Business school of the University of Utah

The David Eccles School of Business is located on the University of Utah campus in Salt Lake City, Utah. The school was founded as the "School of Commerce & Finance" in 1917 and subsequently changed its name to "School of Business" in 1927, although business classes were taught through the Economics & Sociology department at the University starting in 1896. The school currently offers nine undergraduate majors, four MBA programs, nine specialized master's programs, a Ph.D. program, and executive education offerings.

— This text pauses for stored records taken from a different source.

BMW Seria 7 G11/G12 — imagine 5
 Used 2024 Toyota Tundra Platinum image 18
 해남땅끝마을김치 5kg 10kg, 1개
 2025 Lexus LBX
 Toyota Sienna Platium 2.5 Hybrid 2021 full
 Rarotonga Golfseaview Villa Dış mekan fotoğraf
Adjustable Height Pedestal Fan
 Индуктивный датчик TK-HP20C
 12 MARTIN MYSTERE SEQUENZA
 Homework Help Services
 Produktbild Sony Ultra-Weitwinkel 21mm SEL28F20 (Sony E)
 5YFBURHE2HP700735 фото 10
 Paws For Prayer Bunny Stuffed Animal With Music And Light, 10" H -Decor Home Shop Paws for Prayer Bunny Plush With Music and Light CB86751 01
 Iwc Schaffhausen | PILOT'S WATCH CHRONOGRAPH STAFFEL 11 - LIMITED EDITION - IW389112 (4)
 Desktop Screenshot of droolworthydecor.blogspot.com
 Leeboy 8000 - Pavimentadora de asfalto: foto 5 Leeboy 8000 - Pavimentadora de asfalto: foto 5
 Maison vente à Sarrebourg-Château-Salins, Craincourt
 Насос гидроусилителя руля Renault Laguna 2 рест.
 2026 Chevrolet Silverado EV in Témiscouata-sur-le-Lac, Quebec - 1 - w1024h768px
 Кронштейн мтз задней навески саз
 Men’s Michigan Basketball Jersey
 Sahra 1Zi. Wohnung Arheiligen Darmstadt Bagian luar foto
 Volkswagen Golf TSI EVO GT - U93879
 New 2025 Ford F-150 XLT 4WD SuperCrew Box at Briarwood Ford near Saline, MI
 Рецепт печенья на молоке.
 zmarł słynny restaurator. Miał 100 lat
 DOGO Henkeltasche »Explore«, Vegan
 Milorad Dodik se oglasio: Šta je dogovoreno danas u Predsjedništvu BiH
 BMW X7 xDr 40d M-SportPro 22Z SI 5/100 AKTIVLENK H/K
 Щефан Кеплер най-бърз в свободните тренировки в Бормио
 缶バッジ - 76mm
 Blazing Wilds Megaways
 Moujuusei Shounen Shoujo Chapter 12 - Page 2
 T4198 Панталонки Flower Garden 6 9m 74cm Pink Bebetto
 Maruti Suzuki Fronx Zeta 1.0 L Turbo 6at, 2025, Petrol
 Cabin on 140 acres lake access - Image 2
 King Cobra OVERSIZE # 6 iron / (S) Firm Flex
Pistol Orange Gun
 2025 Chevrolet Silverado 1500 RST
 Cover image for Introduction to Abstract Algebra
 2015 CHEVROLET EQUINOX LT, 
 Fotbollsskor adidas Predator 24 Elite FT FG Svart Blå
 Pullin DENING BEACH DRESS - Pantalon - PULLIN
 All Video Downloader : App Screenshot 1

The Eccles School has nearly 40,000 alumni in all 50 U.S. states and many countries.

The Eccles School is also home to several prominent centers and institutes including the Marriner S. Eccles Institute for Economics and Quantitative Analysis, Lassonde Entrepreneur Institute, the Kem C. Gardner Policy Institute, the Goff Strategic Leadership Center, and the Ivory-Boyer Real Estate Center.

== History ==

In 1896, University of Utah business education was part of the Economics and Sociology Department. The need to expand academic offerings led the University of Utah to establish the School of Commerce and Finance in 1917. In its first year, 126 students enrolled, and over the next 80 years, the enrollment figure increased over 25 times. Today, the David Eccles School of Business educates more than 4,500 students in six departments of study.

In 1927, the name of the school was changed to "College of Business" and course divisions included Accounting, Distribution and Production, Finance, and Economics. In 1933, the first graduate degrees were awarded. The College of Business was officially accredited by the American Association of Collegiate Schools of Business in August 1936. In 1955, the MBA program was instituted at the College of Business. The School's first MBA degrees were awarded in 1957, and its departments were reorganized to Accounting, Finance, Management, and Marketing.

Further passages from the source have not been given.